Religion must be rescued from extremism and irrelevance, Tony Blair said on Thursday night, in his first big speech in Britain since stepping down as prime minister last year.
Blair, a catholic convert made the remarks during a lecture on faith and globalisation at Westminster Cathedral, central London, where he used to attend mass while in office. He used the 45-minute speech to highlight the work of the Tony Blair Faith Foundation which has its official launch next month and aims to help different faith organisations work together.
Blair also talked at length about the “seismic shift” globally from West to East. “The centre of gravity, economically and politically, is shifting to the east and it is shifting fast.
“China and India together will industrialise the bulk of their populations, presently employed in subsistence agriculture, probably within two decades.”
He argued that the “strong historical and cultural influence” of religion in both East and West could help both hemispheres unite around “common values” rather than undergo “a battle for domination”.

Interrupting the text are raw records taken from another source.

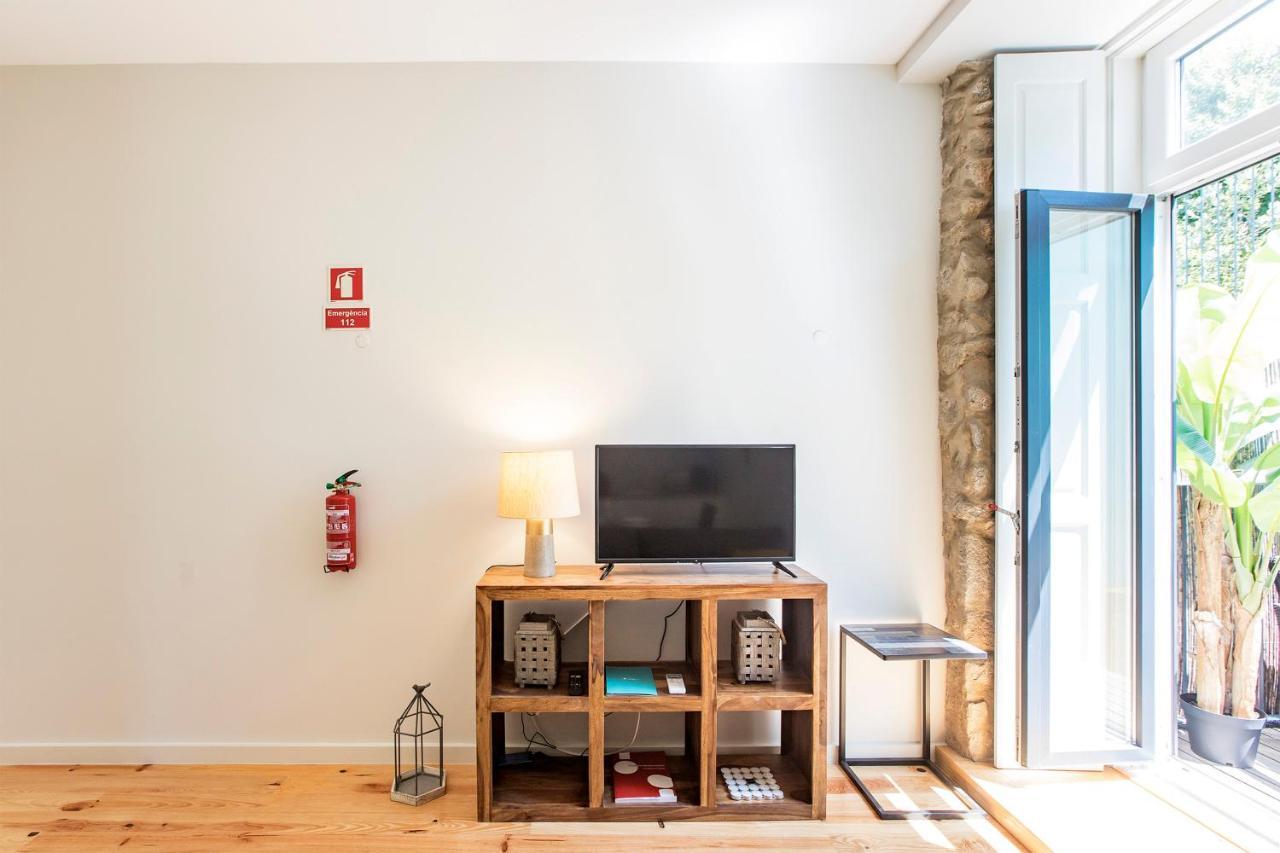 Central Studio W/ Pool, Ac & Patio By Lovelystay Porto Eksteriør billede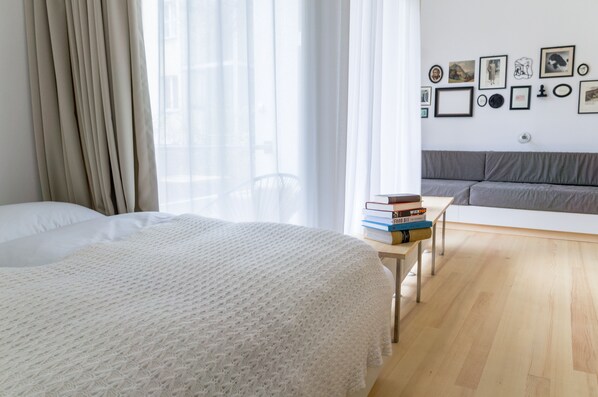 Literie de qualité supérieure, fer et planche à repasser, lit parapluie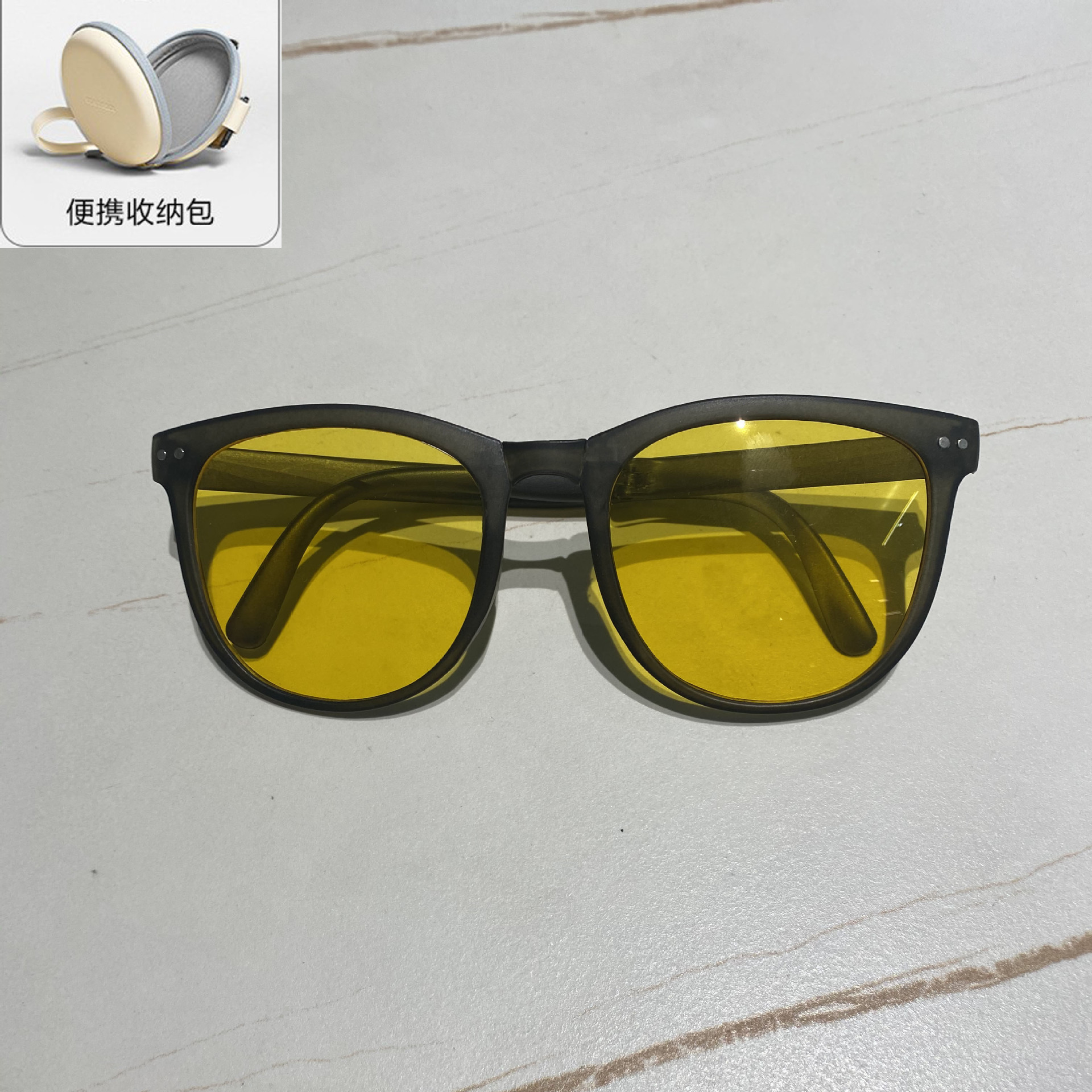 Gafas de sol transfronterizas TikTok Kuaishou Xiaohongshu, protección UV para hombres y mujeres, gafas polarizadas, ligeras y plegables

“Faith is reduced to a system of strange convictions and actions that, to some, can appear far removed from the necessities and anxieties of ordinary life,” Blair said. “It is this face that gives militant secularism an easy target.”
He went on to argue that religion could help to advance humanity and end global poverty. It was his first and most detailed public statement on religion, a subject his senior advisers told him to avoid during his decade in power.